Down to the final line, return the records unchanged.

**** Data to use

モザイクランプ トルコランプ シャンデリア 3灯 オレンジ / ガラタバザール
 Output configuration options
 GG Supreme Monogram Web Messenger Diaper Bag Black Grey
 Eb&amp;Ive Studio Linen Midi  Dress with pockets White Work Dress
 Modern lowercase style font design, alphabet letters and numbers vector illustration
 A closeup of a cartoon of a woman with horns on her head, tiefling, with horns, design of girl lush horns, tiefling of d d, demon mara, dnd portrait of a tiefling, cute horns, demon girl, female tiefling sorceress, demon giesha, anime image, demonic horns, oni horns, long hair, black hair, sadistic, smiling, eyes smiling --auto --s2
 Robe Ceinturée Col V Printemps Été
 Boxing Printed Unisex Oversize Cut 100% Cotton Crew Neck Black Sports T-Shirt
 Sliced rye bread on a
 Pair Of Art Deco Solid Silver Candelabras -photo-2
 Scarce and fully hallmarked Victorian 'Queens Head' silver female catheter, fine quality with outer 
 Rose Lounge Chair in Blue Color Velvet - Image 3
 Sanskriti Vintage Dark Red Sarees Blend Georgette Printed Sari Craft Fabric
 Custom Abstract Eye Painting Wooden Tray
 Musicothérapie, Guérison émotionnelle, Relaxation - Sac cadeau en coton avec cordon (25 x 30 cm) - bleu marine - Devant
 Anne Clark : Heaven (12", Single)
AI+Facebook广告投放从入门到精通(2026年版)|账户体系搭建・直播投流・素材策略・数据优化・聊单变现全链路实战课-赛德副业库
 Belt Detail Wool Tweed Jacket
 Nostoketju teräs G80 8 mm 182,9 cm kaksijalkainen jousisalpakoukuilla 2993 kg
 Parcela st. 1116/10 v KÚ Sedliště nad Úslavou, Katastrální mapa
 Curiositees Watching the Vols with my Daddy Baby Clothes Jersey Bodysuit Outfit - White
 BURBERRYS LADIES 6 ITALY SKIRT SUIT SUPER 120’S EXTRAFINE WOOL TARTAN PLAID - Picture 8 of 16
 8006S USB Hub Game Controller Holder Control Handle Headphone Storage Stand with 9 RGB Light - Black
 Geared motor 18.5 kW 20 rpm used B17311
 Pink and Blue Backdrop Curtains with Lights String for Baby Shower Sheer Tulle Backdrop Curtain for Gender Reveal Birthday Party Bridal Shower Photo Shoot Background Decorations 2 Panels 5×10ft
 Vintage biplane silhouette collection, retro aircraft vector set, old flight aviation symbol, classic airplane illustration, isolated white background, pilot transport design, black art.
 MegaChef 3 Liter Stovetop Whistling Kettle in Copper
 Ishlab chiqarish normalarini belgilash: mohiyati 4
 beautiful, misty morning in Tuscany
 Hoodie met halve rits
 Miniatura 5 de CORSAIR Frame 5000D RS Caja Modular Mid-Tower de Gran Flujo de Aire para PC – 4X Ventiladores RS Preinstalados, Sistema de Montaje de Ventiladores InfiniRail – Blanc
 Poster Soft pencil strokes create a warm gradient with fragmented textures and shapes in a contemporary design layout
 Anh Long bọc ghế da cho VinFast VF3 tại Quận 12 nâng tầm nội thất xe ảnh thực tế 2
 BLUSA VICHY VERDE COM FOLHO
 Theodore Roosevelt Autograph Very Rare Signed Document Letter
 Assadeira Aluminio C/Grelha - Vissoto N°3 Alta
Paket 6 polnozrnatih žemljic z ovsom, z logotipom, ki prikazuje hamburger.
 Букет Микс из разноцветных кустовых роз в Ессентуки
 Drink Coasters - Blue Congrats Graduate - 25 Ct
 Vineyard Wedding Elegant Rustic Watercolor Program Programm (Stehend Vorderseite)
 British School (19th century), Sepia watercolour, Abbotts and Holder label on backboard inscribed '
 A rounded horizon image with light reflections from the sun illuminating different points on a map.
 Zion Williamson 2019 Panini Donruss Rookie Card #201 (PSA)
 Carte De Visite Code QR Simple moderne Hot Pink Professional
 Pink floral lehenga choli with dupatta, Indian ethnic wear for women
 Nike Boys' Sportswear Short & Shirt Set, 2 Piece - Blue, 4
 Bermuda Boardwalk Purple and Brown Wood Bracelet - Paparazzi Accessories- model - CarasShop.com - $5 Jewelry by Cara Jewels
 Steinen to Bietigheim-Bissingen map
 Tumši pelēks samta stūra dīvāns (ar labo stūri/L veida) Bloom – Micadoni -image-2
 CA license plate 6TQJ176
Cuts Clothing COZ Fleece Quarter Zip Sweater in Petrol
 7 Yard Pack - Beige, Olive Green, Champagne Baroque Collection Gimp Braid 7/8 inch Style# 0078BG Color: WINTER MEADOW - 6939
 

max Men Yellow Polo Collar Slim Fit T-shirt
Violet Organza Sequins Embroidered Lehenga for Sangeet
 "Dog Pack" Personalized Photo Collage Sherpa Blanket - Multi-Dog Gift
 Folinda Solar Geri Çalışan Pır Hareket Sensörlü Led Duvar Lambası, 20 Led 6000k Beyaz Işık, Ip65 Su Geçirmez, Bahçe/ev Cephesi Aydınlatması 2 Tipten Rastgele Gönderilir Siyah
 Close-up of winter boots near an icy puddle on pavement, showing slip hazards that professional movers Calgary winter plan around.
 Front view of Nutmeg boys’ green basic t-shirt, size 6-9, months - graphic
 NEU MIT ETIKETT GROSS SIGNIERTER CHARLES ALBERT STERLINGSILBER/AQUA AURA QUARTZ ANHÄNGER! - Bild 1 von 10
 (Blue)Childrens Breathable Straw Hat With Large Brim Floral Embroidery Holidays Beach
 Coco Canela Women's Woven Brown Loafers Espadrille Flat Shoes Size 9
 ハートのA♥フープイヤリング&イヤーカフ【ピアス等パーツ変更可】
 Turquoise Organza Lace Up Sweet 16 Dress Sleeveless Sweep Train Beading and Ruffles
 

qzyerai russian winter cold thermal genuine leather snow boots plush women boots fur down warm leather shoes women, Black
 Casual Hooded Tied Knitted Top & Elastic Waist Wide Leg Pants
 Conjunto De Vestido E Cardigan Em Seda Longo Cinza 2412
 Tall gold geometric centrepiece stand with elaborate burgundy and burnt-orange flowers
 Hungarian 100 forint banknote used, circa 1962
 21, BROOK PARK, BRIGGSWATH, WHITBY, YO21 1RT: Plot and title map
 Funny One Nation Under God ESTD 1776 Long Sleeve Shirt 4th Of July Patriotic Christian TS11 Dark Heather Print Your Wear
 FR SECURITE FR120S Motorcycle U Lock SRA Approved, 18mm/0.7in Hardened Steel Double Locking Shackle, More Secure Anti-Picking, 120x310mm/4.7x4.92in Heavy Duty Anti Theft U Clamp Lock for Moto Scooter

********

## Reply:
モザイクランプ トルコランプ シャンデリア 3灯 オレンジ / ガラタバザール
 Output configuration options
 GG Supreme Monogram Web Messenger Diaper Bag Black Grey
 Eb&amp;Ive Studio Linen Midi  Dress with pockets White Work Dress
 Modern lowercase style font design, alphabet letters and numbers vector illustration
 A closeup of a cartoon of a woman with horns on her head, tiefling, with horns, design of girl lush horns, tiefling of d d, demon mara, dnd portrait of a tiefling, cute horns, demon girl, female tiefling sorceress, demon giesha, anime image, demonic horns, oni horns, long hair, black hair, sadistic, smiling, eyes smiling --auto --s2
 Robe Ceinturée Col V Printemps Été
 Boxing Printed Unisex Oversize Cut 100% Cotton Crew Neck Black Sports T-Shirt
 Sliced rye bread on a
 Pair Of Art Deco Solid Silver Candelabras -photo-2
 Scarce and fully hallmarked Victorian 'Queens Head' silver female catheter, fine quality with outer 
 Rose Lounge Chair in Blue Color Velvet - Image 3
 Sanskriti Vintage Dark Red Sarees Blend Georgette Printed Sari Craft Fabric
 Custom Abstract Eye Painting Wooden Tray
 Musicothérapie, Guérison émotionnelle, Relaxation - Sac cadeau en coton avec cordon (25 x 30 cm) - bleu marine - Devant
 Anne Clark : Heaven (12", Single)
AI+Facebook广告投放从入门到精通(2026年版)|账户体系搭建・直播投流・素材策略・数据优化・聊单变现全链路实战课-赛德副业库
 Belt Detail Wool Tweed Jacket
 Nostoketju teräs G80 8 mm 182,9 cm kaksijalkainen jousisalpakoukuilla 2993 kg
 Parcela st. 1116/10 v KÚ Sedliště nad Úslavou, Katastrální mapa
 Curiositees Watching the Vols with my Daddy Baby Clothes Jersey Bodysuit Outfit - White
 BURBERRYS LADIES 6 ITALY SKIRT SUIT SUPER 120’S EXTRAFINE WOOL TARTAN PLAID - Picture 8 of 16
 8006S USB Hub Game Controller Holder Control Handle Headphone Storage Stand with 9 RGB Light - Black
 Geared motor 18.5 kW 20 rpm used B17311
 Pink and Blue Backdrop Curtains with Lights String for Baby Shower Sheer Tulle Backdrop Curtain for Gender Reveal Birthday Party Bridal Shower Photo Shoot Background Decorations 2 Panels 5×10ft
 Vintage biplane silhouette collection, retro aircraft vector set, old flight aviation symbol, classic airplane illustration, isolated white background, pilot transport design, black art.
 MegaChef 3 Liter Stovetop Whistling Kettle in Copper
 Ishlab chiqarish normalarini belgilash: mohiyati 4
 beautiful, misty morning in Tuscany
 Hoodie met halve rits
 Miniatura 5 de CORSAIR Frame 5000D RS Caja Modular Mid-Tower de Gran Flujo de Aire para PC – 4X Ventiladores RS Preinstalados, Sistema de Montaje de Ventiladores InfiniRail – Blanc
 Poster Soft pencil strokes create a warm gradient with fragmented textures and shapes in a contemporary design layout
 Anh Long bọc ghế da cho VinFast VF3 tại Quận 12 nâng tầm nội thất xe ảnh thực tế 2
 BLUSA VICHY VERDE COM FOLHO
 Theodore Roosevelt Autograph Very Rare Signed Document Letter
 Assadeira Aluminio C/Grelha - Vissoto N°3 Alta
Paket 6 polnozrnatih žemljic z ovsom, z logotipom, ki prikazuje hamburger.
 Букет Микс из разноцветных кустовых роз в Ессентуки
 Drink Coasters - Blue Congrats Graduate - 25 Ct
 Vineyard Wedding Elegant Rustic Watercolor Program Programm (Stehend Vorderseite)
 British School (19th century), Sepia watercolour, Abbotts and Holder label on backboard inscribed '
 A rounded horizon image with light reflections from the sun illuminating different points on a map.
 Zion Williamson 2019 Panini Donruss Rookie Card #201 (PSA)
 Carte De Visite Code QR Simple moderne Hot Pink Professional
 Pink floral lehenga choli with dupatta, Indian ethnic wear for women
 Nike Boys' Sportswear Short & Shirt Set, 2 Piece - Blue, 4
 Bermuda Boardwalk Purple and Brown Wood Bracelet - Paparazzi Accessories- model - CarasShop.com - $5 Jewelry by Cara Jewels
 Steinen to Bietigheim-Bissingen map
 Tumši pelēks samta stūra dīvāns (ar labo stūri/L veida) Bloom – Micadoni -image-2
 CA license plate 6TQJ176
Cuts Clothing COZ Fleece Quarter Zip Sweater in Petrol
 7 Yard Pack - Beige, Olive Green, Champagne Baroque Collection Gimp Braid 7/8 inch Style# 0078BG Color: WINTER MEADOW - 6939
 

max Men Yellow Polo Collar Slim Fit T-shirt
Violet Organza Sequins Embroidered Lehenga for Sangeet
 "Dog Pack" Personalized Photo Collage Sherpa Blanket - Multi-Dog Gift
 Folinda Solar Geri Çalışan Pır Hareket Sensörlü Led Duvar Lambası, 20 Led 6000k Beyaz Işık, Ip65 Su Geçirmez, Bahçe/ev Cephesi Aydınlatması 2 Tipten Rastgele Gönderilir Siyah
 Close-up of winter boots near an icy puddle on pavement, showing slip hazards that professional movers Calgary winter plan around.
 Front view of Nutmeg boys’ green basic t-shirt, size 6-9, months - graphic
 NEU MIT ETIKETT GROSS SIGNIERTER CHARLES ALBERT STERLINGSILBER/AQUA AURA QUARTZ ANHÄNGER! - Bild 1 von 10
 (Blue)Childrens Breathable Straw Hat With Large Brim Floral Embroidery Holidays Beach
 Coco Canela Women's Woven Brown Loafers Espadrille Flat Shoes Size 9
 ハートのA♥フープイヤリング&イヤーカフ【ピアス等パーツ変更可】
 Turquoise Organza Lace Up Sweet 16 Dress Sleeveless Sweep Train Beading and Ruffles
 

qzyerai russian winter cold thermal genuine leather snow boots plush women boots fur down warm leather shoes women, Black
 Casual Hooded Tied Knitted Top & Elastic Waist Wide Leg Pants
 Conjunto De Vestido E Cardigan Em Seda Longo Cinza 2412
 Tall gold geometric centrepiece stand with elaborate burgundy and burnt-orange flowers
 Hungarian 100 forint banknote used, circa 1962
 21, BROOK PARK, BRIGGSWATH, WHITBY, YO21 1RT: Plot and title map
 Funny One Nation Under God ESTD 1776 Long Sleeve Shirt 4th Of July Patriotic Christian TS11 Dark Heather Print Your Wear
 FR SECURITE FR120S Motorcycle U Lock SRA Approved, 18mm/0.7in Hardened Steel Double Locking Shackle, More Secure Anti-Picking, 120x310mm/4.7x4.92in Heavy Duty Anti Theft U Clamp Lock for Moto Scooter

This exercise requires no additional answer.